* [Instructions to follow]:
Every line of the material below in which "with" shows up is to be located and copied.
= Beginning of Section =
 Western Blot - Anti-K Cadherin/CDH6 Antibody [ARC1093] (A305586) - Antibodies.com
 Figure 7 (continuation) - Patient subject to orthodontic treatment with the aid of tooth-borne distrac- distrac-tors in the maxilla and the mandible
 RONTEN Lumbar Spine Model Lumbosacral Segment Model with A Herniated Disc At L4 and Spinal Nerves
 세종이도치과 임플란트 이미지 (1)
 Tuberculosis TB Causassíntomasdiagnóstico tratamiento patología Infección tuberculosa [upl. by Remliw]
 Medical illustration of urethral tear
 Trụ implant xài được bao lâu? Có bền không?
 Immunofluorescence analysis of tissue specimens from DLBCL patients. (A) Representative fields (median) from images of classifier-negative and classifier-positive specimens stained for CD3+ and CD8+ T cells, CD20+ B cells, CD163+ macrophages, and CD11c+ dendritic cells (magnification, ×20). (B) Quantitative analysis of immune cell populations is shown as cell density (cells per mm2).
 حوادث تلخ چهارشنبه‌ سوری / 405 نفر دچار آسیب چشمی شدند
= End of Section =
* [Answer to this task]:
 Figure 7 (continuation) - Patient subject to orthodontic treatment with the aid of tooth-borne distrac- distrac-tors in the maxilla and the mandible
 RONTEN Lumbar Spine Model Lumbosacral Segment Model with A Herniated Disc At L4 and Spinal Nerves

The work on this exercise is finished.